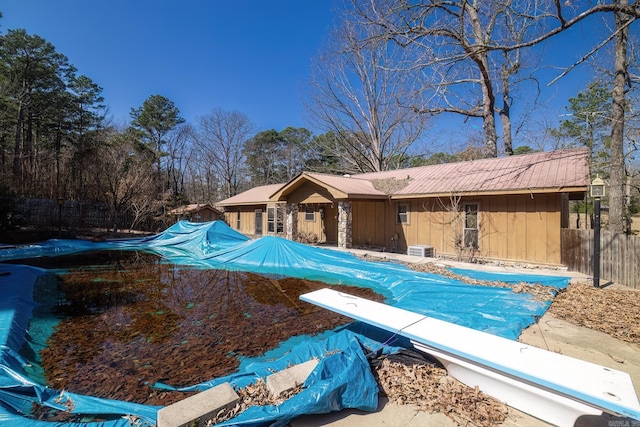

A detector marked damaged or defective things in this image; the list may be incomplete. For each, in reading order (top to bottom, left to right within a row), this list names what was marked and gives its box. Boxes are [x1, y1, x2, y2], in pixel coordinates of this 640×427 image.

torn blue tarp [0, 222, 568, 426]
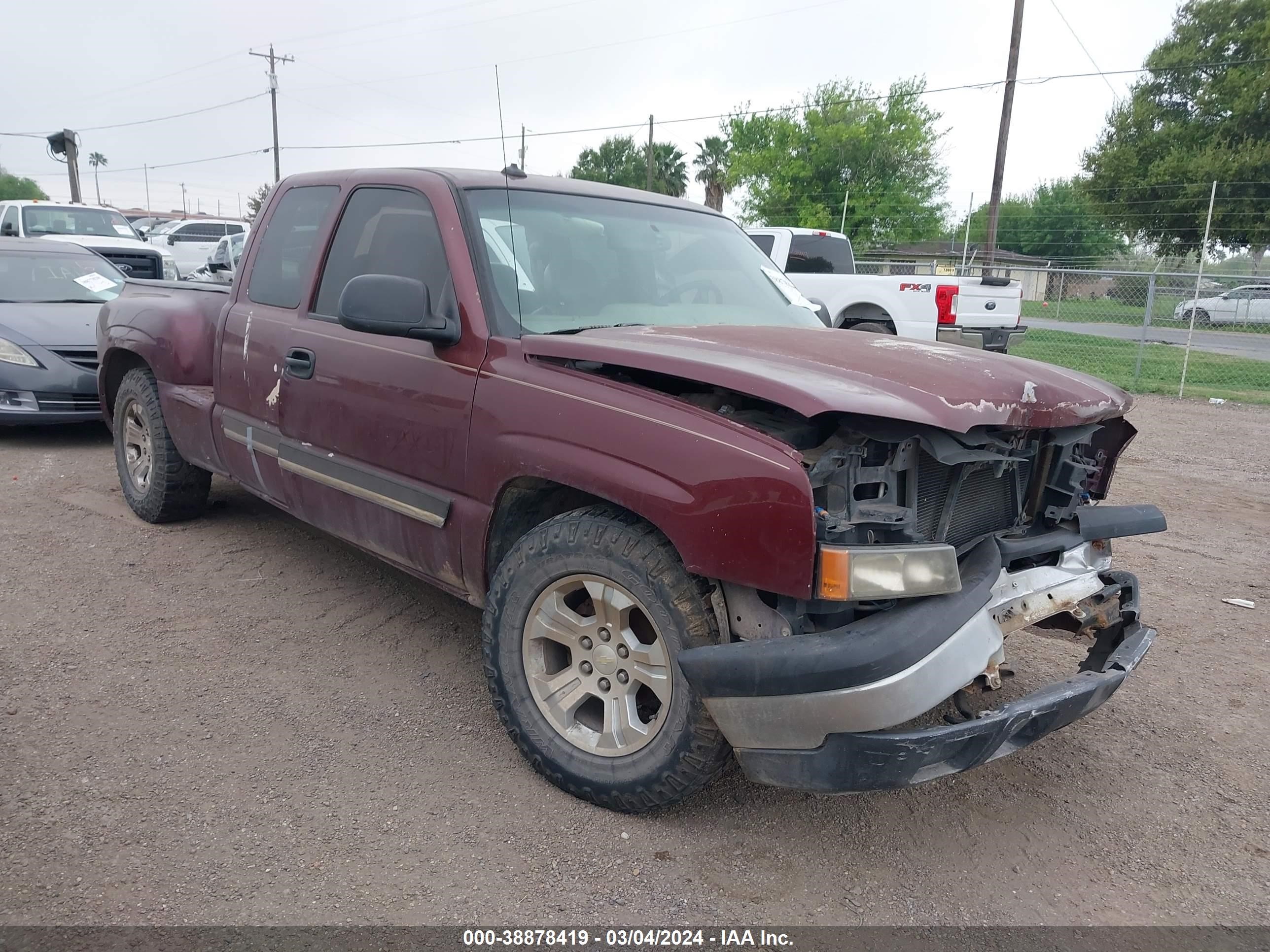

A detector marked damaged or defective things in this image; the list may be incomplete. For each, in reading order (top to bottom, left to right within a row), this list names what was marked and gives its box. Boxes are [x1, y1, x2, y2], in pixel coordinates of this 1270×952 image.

damaged maroon pickup truck [97, 170, 1167, 812]
cracked hood [521, 325, 1136, 434]
crushed front bumper [678, 509, 1167, 796]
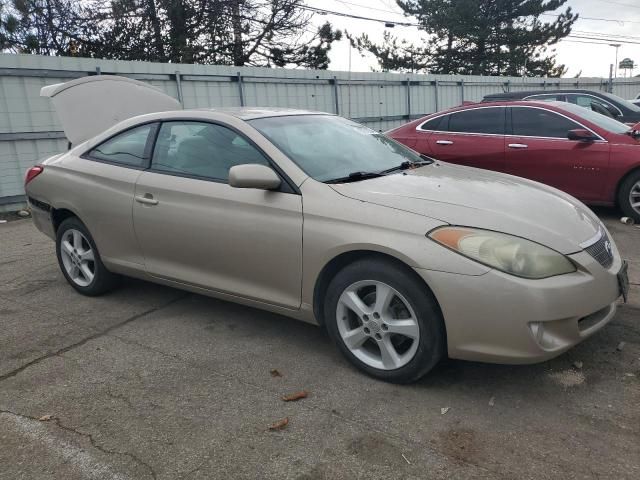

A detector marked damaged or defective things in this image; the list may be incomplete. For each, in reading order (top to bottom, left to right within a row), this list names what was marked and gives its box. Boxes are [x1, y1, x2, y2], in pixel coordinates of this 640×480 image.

crack in pavement [0, 292, 189, 382]
crack in pavement [0, 408, 157, 480]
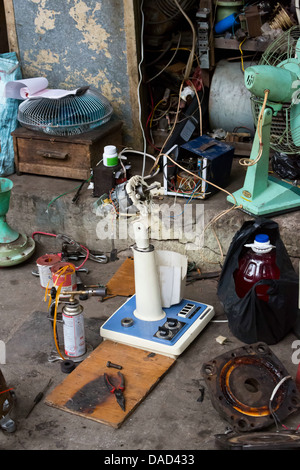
::::
Would you transcribe all of the data exactly, apart from its pictures?

A detector marked damaged or defective things in this image; the list may be incomplete. For each, in reading order (top to bottom, left to right within a row), this list names what was marked and gives its box. Boxes are [x1, y1, x2, y2], in pixel coordinates of this 640×427 image.

torn blue tarp [0, 222, 568, 426]

A detector marked damaged or defective things in this image; the list may be incomplete. For each, in reading order (top to bottom, left to right within a row), this list names what was marked and gives its box. Boxes are [x1, y1, x2, y2], in pixel coordinates of this 1270×952 image.

damaged maroon pickup truck [97, 170, 1167, 812]
cracked hood [521, 325, 1136, 434]
crushed front bumper [678, 509, 1167, 796]

A detector marked damaged or defective things in this image; the list may be incomplete. For each, in reading order (top to bottom, left to right within a row), this list names what was marked and gives its box. Boxes are [x1, y1, x2, y2], in pixel coordinates of this 640×480 image.

crack in pavement [0, 292, 189, 382]
crack in pavement [0, 408, 157, 480]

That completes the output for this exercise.